§ **Problem description**:
Take the lines from the one with "How Powder Coating" through the end of the material below and repeat them exactly, dropping every picture.

§ **Recorded data**:
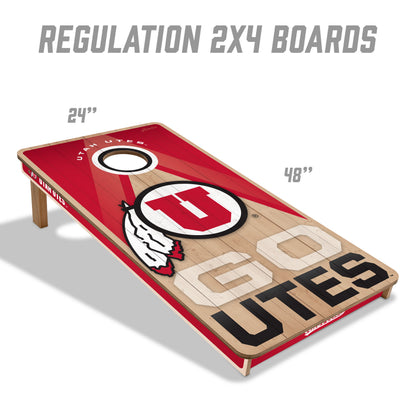NCAA Utah Utes 2' x 4' Slogan Series Cornhole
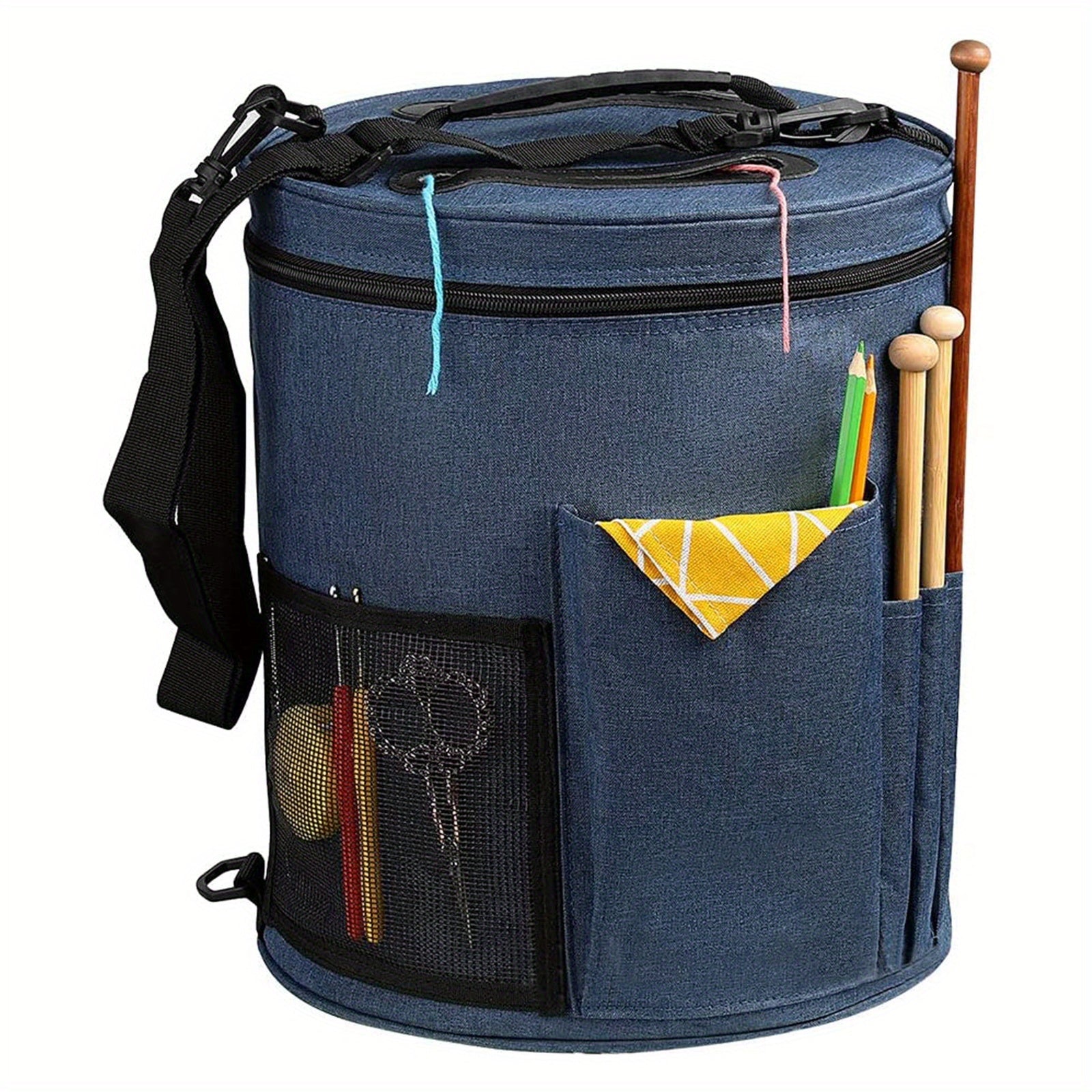 Knitting Bag Yarn Organizer Tote for Needles Crochet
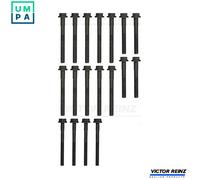CYLINDER HEAD BOLT SET 14-32256-01 FOR LAND ROVER 16/11/23L 4cyl DEFENDER Cabrio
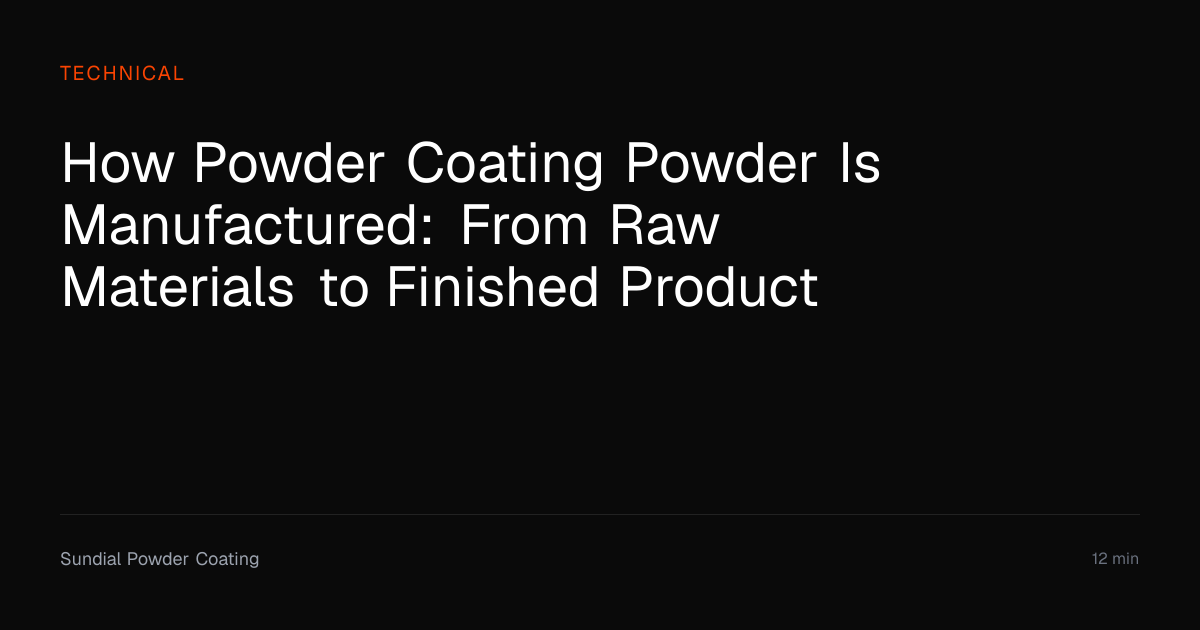 How Powder Coating Powder Is Manufactured | Sundial Powder Coating ...
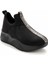 Siyah Streç Kadın Sneaker K01234061617 4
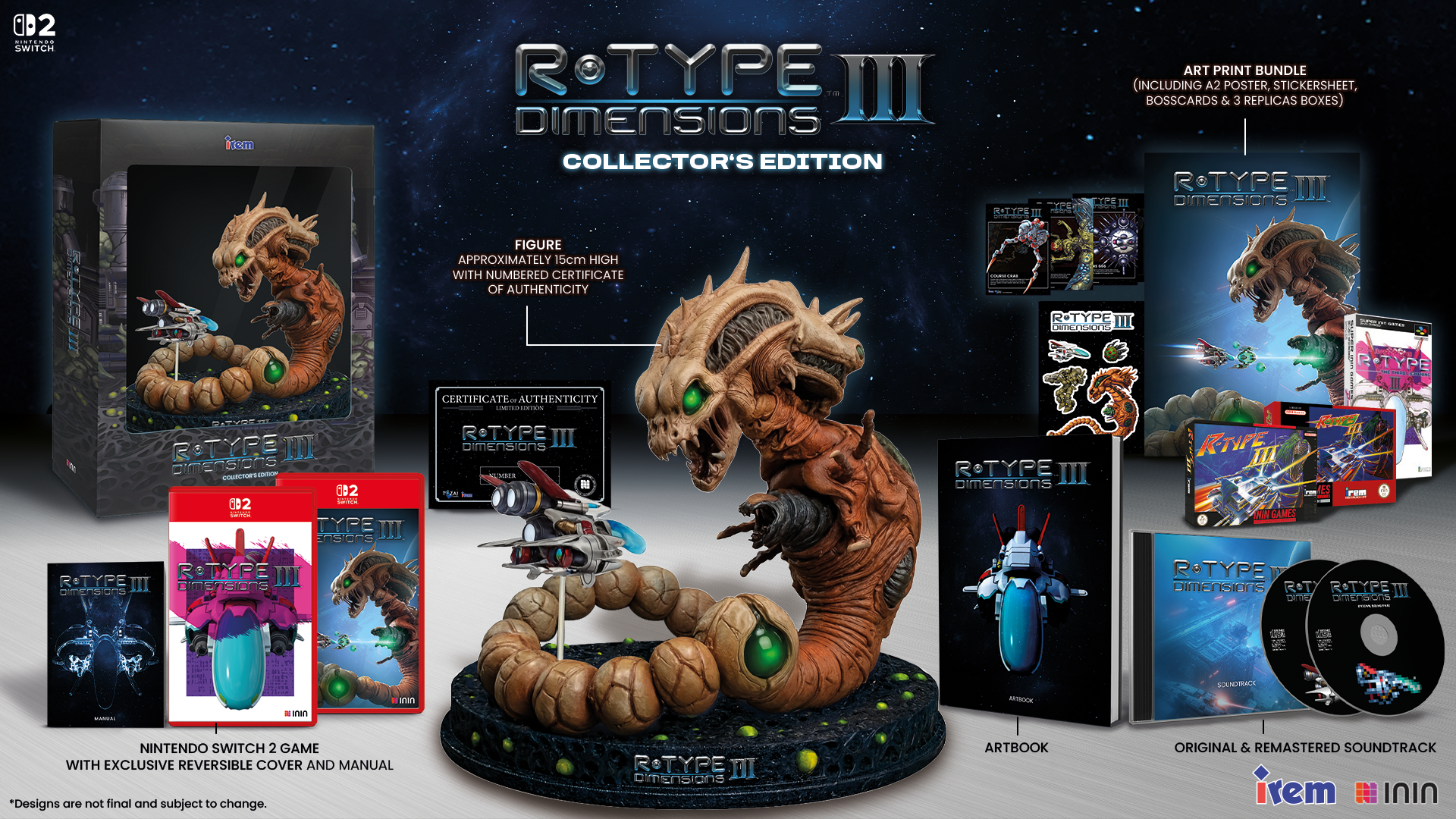 R-Type Dimensions III - Collector's Edition (Nintendo Switch 2)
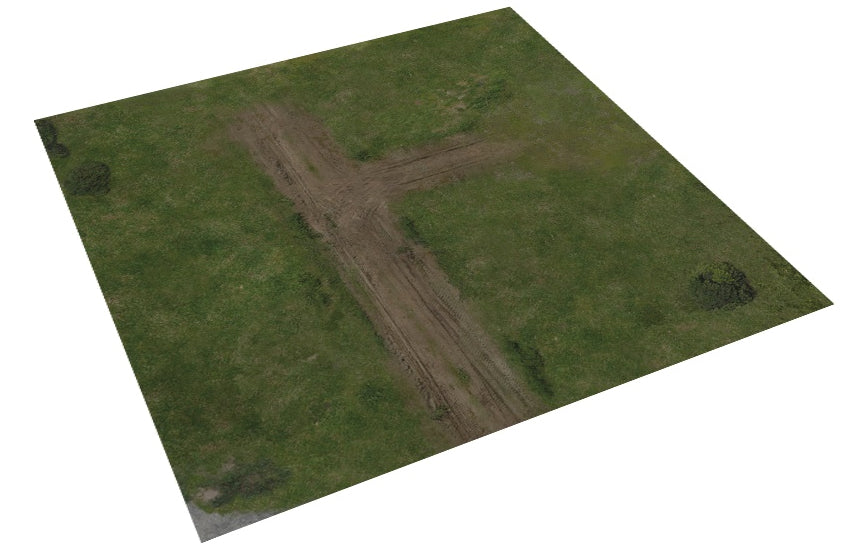 The Walking Dead: All Out War - Deluxe Gaming Mat - Greene Farm (ONLINE ORDER ONLY)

§ **Response to the exercise**:
 How Powder Coating Powder Is Manufactured | Sundial Powder Coating ...
 Siyah Streç Kadın Sneaker K01234061617 4
 R-Type Dimensions III - Collector's Edition (Nintendo Switch 2)
 The Walking Dead: All Out War - Deluxe Gaming Mat - Greene Farm (ONLINE ORDER ONLY)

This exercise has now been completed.